When David Ben-Gurion was negotiating the contours of the new Jewish state, he met with the Chazon Ish, Rabbi Avraham Yeshaya Karelitz, the spiritual titan of the Lithuanian yeshiva world. The Chazon Ish insisted that Torah study must remain free from state interference and that a small number of young men — around 400 — should be exempted from military service to rebuild the ranks of Torah scholars decimated by the Nazis.
Ben-Gurion, ever the pragmatist, agreed. It was a small concession — a symbolic gesture — to the old world that had perished. He never imagined that this modest arrangement would metastasize into a political juggernaut, protecting hundreds of thousands of men from national service and labor.
That meeting in 1947 was the original sin of the “status quo.” It institutionalized the separation of Torah from life. It legitimized the idea that Torah scholars could live on the public dime while other Jews bore the burden of defending and sustaining the state.
What began as a few hundred exceptions turned into an ideology: full-time study for all men, indefinitely. The kollelim that once trained the elite became welfare networks for the masses. The word “Torah world” ceased to mean a culture of ethical refinement and began to mean a bureaucracy of stipends, exemptions, and ignorance of reality.
The Agudath Israel movement, originally formed in Europe to preserve traditional Judaism against secular Zionism, found a new purpose in this arrangement. In prewar Poland, Agudah had been wary of aligning Torah with political power; in postwar Israel, it became addicted to it.
Agudah’s rabbis realized they could leverage the collective bloc of their yeshiva students and their growing families to extract power from the state. Knesset seats translated into subsidies for yeshivos. Subsidies sustained the illusion of holiness without responsibility. The system fed itself: poverty bred more dependence, which bred more loyalty.
And so, a movement that once feared secular politics became one of its most skilled manipulators. Its moral language masked a cynical machine. “Daas Torah” — the supposed divine authority of rabbis over all matters — was weaponized to silence dissent and perpetuate control.
Meanwhile, the Rambam’s ancient words — “Anyone who decides to study Torah and not work, and supports himself from charity, desecrates God’s name” — were quietly erased from the curriculum.
In America, Rabbi Shraga Feivel Mendlowitz’s Torah Vodaath sent out a different message. He encouraged his students to engage the world, to teach, to lead, to work. He famously said: “The Torah must live in America — not hide in America.”
But his philosophy lost the postwar struggle.
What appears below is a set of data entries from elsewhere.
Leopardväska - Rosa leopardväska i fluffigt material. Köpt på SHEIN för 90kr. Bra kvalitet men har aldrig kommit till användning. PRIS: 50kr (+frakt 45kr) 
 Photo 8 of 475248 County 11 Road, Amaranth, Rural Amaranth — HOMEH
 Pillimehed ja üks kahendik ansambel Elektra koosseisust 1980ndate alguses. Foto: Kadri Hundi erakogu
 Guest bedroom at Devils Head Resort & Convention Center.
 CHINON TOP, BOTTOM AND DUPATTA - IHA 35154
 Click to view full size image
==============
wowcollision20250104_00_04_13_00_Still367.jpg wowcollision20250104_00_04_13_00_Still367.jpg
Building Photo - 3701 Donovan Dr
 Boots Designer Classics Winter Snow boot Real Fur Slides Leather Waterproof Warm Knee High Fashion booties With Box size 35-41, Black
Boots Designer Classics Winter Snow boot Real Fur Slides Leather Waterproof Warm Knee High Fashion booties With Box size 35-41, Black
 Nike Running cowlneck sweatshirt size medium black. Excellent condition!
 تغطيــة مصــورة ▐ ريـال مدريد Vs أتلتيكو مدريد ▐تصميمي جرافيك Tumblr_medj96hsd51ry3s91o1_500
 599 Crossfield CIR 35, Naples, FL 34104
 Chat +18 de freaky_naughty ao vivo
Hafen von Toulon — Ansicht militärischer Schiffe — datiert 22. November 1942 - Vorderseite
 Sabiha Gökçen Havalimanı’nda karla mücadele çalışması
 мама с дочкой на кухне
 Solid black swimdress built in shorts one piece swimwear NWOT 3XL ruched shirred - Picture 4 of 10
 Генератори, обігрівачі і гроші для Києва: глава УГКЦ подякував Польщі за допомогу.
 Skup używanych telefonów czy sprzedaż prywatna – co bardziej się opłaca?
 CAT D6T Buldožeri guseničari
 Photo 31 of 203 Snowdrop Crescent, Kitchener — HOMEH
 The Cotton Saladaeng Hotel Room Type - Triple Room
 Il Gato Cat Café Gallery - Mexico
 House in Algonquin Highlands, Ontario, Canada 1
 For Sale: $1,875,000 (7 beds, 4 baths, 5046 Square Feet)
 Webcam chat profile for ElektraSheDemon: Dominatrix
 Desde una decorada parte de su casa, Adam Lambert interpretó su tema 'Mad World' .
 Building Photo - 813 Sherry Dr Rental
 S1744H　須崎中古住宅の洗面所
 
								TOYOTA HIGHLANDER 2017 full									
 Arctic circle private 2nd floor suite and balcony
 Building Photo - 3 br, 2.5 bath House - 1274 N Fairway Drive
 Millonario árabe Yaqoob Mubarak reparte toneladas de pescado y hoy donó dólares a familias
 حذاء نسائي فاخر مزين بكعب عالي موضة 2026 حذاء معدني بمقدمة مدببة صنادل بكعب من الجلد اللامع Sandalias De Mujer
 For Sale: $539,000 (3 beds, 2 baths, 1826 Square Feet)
By the late 1960s, the myth of the “full-time learner” became the new gold standard of Jewish virtue. A young man who entered business or education was considered lesser. The kollelnik became the symbol of piety — even as his wife struggled to feed the children and his community depended on the charity of others.
The fraud was spiritualized: “You work for money,” the kollelnik was told, “but I work for Heaven.” It was a seductive lie — because it cloaked laziness in holiness, irresponsibility in sacrifice.
The true Torah ideal, as Rabbi Mendlowitz and the Rambam understood, was to live in the world and sanctify it. The Torah was not meant to be the privilege of the idle but the compass of the active.
Today, in 2025, Israel pays the price of this seventy-year-old deception. Nearly half of Israel’s Haredi men do not participate in the workforce. Entire neighborhoods thrive on government stipends and foreign donations. Military service exemptions are defended as divine law.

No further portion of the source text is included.